Z-test vs T-test_Mastering Python for Data Science-QQ阅读中文历史网

上QQ阅读APP看书，第一时间看更新

Z-test vs T-test

We have already done a few Z-tests before where we validated our null hypothesis.

A T-distribution is similar to a Z-distribution—it is centered at zero and has a basic bell shape, but its shorter and flatter around the center than the Z-distribution.

The T-distributions' standard deviation is usually proportionally larger than the Z, because of which you see the fatter tails on each side.

The t distribution is usually used to analyze the population when the sample is small.

The Z-test is used to compare the population mean against a sample or compare the population mean of two distributions with a sample size greater than 30. An example of a Z-test would be comparing the heights of men from different ethnicity groups.

The T-test is used to compare the population mean against a sample, or compare the population mean of two distributions with a sample size less than 30, and when you don't know the population's standard deviation.

Let's do a T-test on two classes that are given a mathematics test and have 10 students in each class:

>>> class1_score = np.array([45.0, 40.0, 49.0, 52.0, 54.0, 64.0, 36.0, 41.0, 42.0, 34.0])
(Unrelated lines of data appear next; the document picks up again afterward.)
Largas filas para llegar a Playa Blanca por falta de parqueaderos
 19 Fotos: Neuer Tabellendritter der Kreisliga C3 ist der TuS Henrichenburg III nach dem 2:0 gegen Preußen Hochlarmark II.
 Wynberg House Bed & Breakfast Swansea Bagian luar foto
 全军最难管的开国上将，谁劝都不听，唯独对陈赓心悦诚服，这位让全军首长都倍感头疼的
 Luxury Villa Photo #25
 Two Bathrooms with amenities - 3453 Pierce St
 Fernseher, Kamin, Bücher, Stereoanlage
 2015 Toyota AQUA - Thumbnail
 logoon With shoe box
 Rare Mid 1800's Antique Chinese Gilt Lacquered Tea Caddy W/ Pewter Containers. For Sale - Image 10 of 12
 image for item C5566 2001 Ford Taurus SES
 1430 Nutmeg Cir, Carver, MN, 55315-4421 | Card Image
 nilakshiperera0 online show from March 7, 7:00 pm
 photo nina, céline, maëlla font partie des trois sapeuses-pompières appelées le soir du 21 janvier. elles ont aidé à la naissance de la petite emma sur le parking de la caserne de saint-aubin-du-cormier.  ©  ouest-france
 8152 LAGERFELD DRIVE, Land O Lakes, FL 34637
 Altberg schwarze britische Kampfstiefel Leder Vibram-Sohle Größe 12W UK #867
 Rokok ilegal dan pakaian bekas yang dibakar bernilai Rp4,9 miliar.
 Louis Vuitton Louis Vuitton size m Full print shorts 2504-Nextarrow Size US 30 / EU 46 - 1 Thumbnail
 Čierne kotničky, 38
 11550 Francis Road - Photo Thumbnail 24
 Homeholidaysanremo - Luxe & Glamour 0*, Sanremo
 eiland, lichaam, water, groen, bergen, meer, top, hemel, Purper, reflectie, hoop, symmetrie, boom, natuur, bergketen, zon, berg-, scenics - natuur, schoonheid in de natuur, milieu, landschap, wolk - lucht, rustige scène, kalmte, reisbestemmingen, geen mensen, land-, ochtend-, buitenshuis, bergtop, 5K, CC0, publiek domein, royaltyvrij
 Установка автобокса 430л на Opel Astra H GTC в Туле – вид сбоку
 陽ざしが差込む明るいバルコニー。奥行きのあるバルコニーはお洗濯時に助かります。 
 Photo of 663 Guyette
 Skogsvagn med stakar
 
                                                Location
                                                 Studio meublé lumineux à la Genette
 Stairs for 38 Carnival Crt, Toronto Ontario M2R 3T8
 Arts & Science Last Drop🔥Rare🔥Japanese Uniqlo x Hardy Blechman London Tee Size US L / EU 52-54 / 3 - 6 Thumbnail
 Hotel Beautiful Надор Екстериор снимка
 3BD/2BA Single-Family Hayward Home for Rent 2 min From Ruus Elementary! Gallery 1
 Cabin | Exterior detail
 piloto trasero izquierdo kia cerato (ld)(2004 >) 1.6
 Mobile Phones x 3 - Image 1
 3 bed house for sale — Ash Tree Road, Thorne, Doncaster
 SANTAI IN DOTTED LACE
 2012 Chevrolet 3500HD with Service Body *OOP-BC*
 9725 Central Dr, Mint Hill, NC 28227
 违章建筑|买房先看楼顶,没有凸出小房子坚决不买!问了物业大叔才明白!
>>> class2_score = np.array([75.0, 85.0, 53.0, 70.0, 72.0, 93.0, 61.0, 65.0, 65.0, 72.0])

To perform the T-test, we can use the ttest_ind() function in the SciPy package:

>>> stats.ttest_ind(class1_score,class2_score)

(array(-5.458195056848407), 3.4820722850153292e-05)

The first value in the output is the calculated t-statistics, whereas the second value is the p-value and p-value shows that the two distributions are not identical.